Material for this task Block Start
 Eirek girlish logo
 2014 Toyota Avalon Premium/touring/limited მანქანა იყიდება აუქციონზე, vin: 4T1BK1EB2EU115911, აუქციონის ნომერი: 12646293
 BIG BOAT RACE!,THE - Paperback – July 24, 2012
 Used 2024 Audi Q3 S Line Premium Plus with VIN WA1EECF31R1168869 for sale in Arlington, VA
Material for this task Block End
Material for this task Block Start
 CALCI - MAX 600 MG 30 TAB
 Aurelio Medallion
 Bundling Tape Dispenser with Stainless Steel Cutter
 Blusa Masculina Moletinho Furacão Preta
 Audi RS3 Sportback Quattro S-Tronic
Material for this task Block End
--- Work instructions ---
Return each line from the records that includes the word "Audi".

--- Response for this exercise ---
 Used 2024 Audi Q3 S Line Premium Plus with VIN WA1EECF31R1168869 for sale in Arlington, VA
 Audi RS3 Sportback Quattro S-Tronic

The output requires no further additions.